_Supplied data_.
++++++++

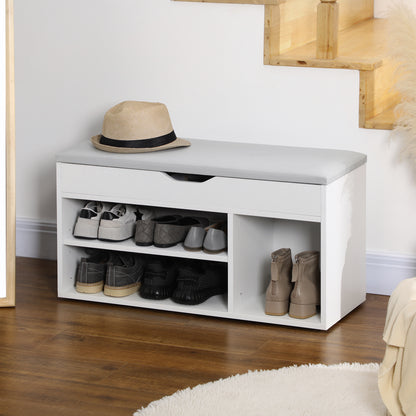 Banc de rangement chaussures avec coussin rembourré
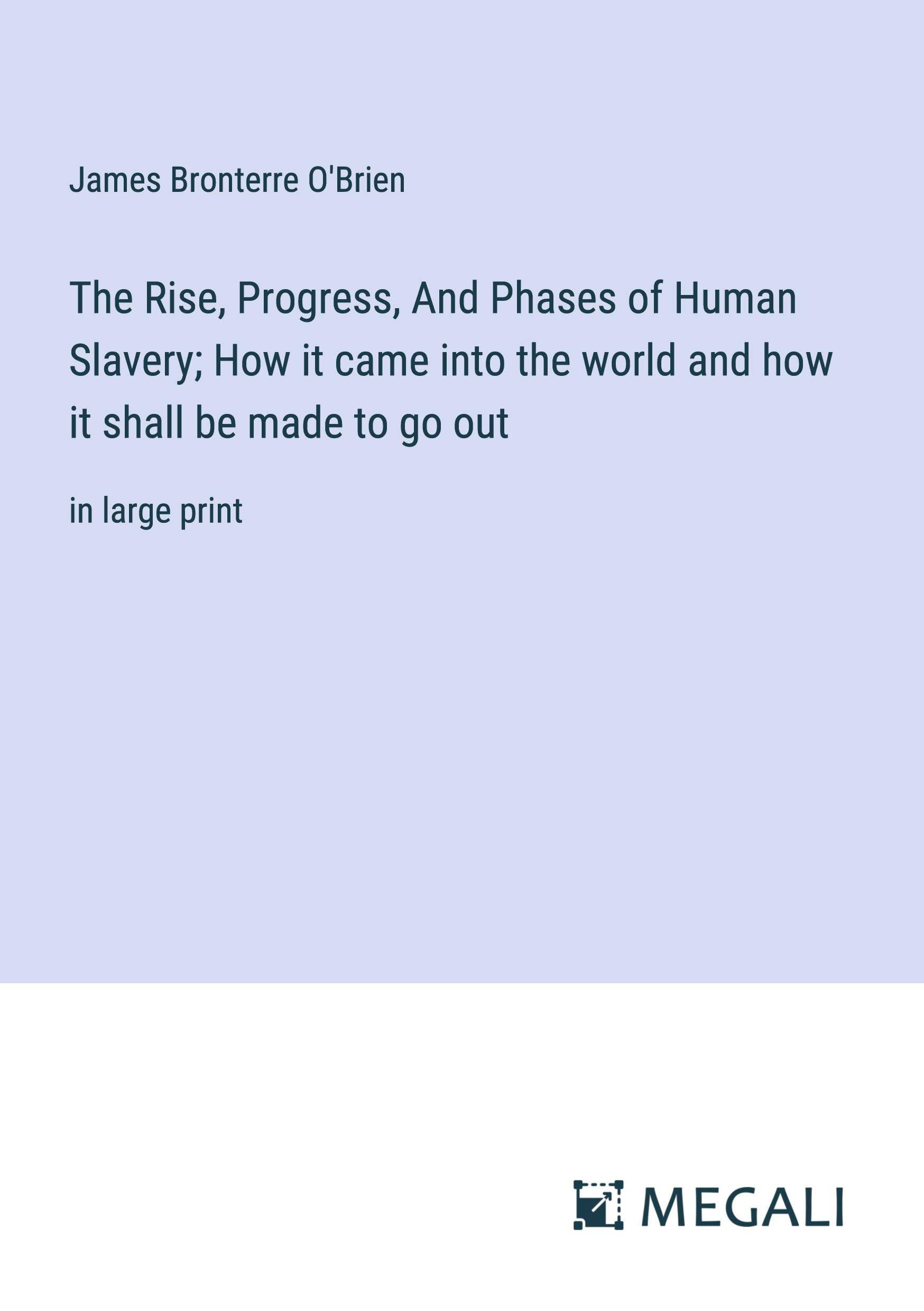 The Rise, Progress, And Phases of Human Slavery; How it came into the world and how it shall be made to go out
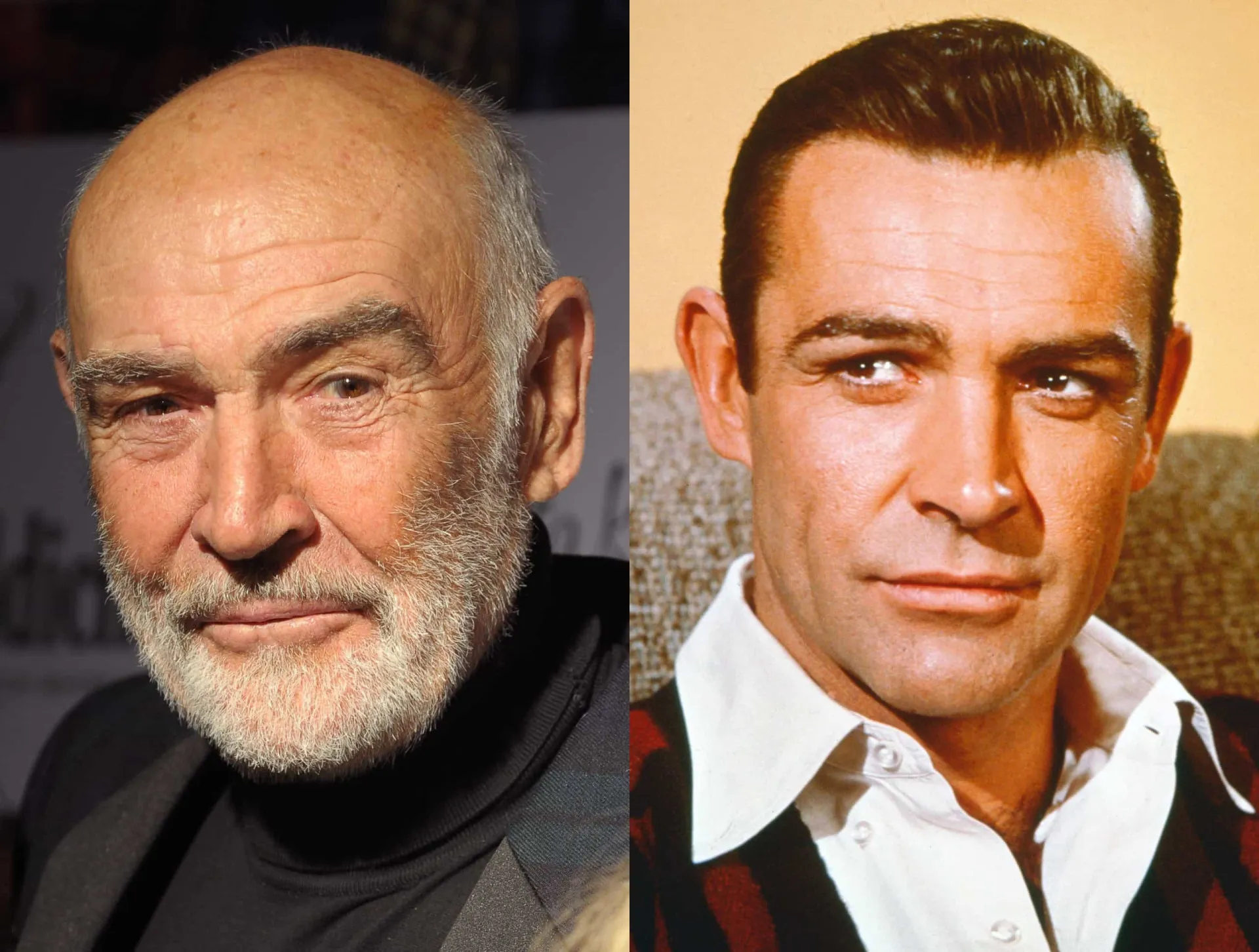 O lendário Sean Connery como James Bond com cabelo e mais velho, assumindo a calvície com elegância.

++++++++

Restate the data above word for word. Skip every picture.

_Exercise output_.
 Banc de rangement chaussures avec coussin rembourré
 The Rise, Progress, And Phases of Human Slavery; How it came into the world and how it shall be made to go out
 O lendário Sean Connery como James Bond com cabelo e mais velho, assumindo a calvície com elegância.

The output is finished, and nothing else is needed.